Iraqi TV presenter and actor face trial over parody of military corruption

Complaint filed by Iraq's Defence Minister is based on a Saddam Hussein-era law that could lead to a jail sentence of up to seven years

Actor Ayad Al Taie, left, and TV presenter Ahmed Mulla Talal take part in a mock interview in which they discuss accusations of corruption in Iraq's Defence Ministry. Ahmed Mulla Talal

An Iraqi TV presenter and an actor appeared in a Baghdad court on Sunday after Iraq's Defence Minister filed a complaint over a satirical TV interview during which they discussed corruption in the armed forces.

The interview was part of a segment added to the daily With Mulla Talal show broadcast by the privately owned UTV channel as part of its Ramadan schedule.

The segment used mock interviews conducted by the show's host, Ahmed Mulla Talal, to address several issues considered controversial in Iraq.

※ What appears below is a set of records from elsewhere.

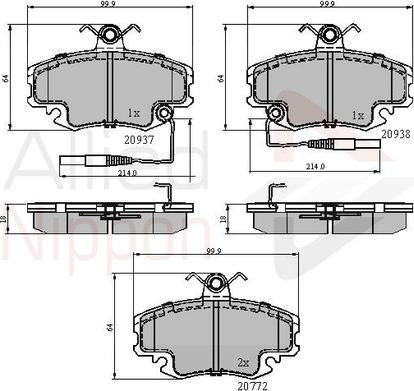 Comline ADB1431 - Комплект спирачно феродо, дискови спирачки vvparts.bg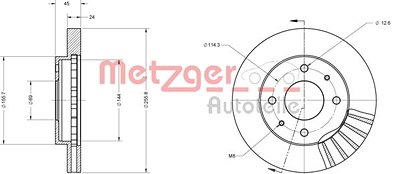 Metzger Bremsscheibe [Hersteller-Nr. 6110248] für Volvo, Hyundai, Mitsubishi von METZGER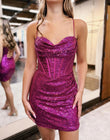 Fuchsia Short Sheath Sequin Corset Mini Party Dresses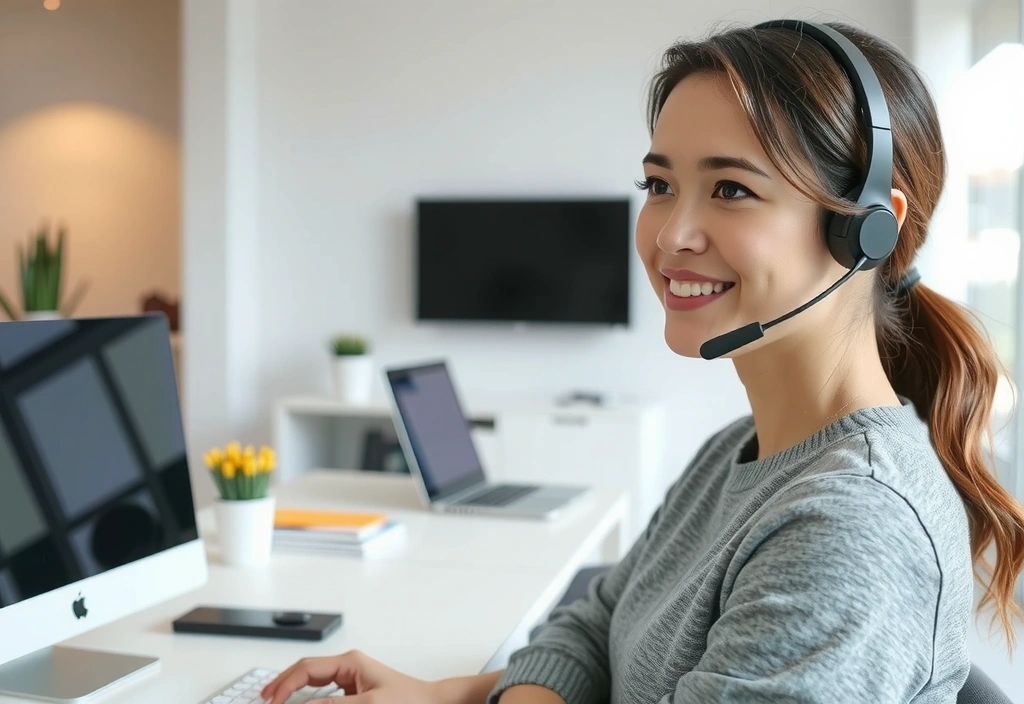 Customer support agent helping a client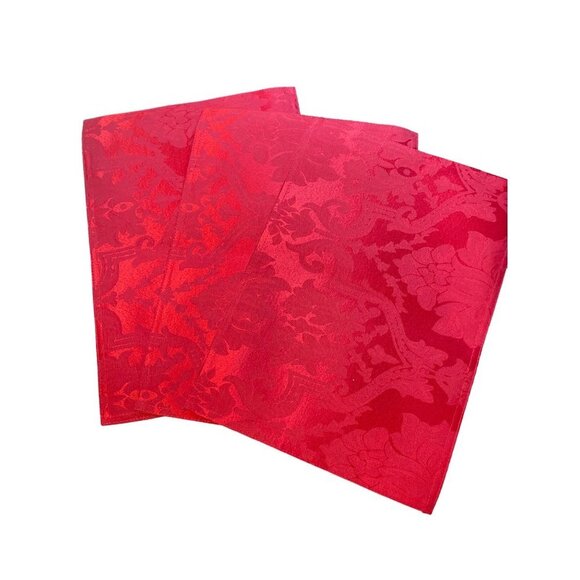 Dark Pink Red Fabric Place Mats Set of 3 - Picture 1 of 6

In an episode broadcast on April 4, he interviewed actor Ayad Al Taie, who played a general, to discuss allegations of corruption in the military.

They spoke about accusations that officers made money by granting soldiers leave in exchange for half of their salary, how posts could be bought by paying senior military leaders and politicians, and how bribes are extracted from shopping centres, nightclubs, shops selling alcohol and at checkpoints around major cities.

Defence Minister Juma Al Jabouri, who has acknowledged corruption in his ministry, filed his complaint based on Saddam Hussein-era law against “publicly insulting any public institution or official".

The law carries a penalty of up to seven years in prison.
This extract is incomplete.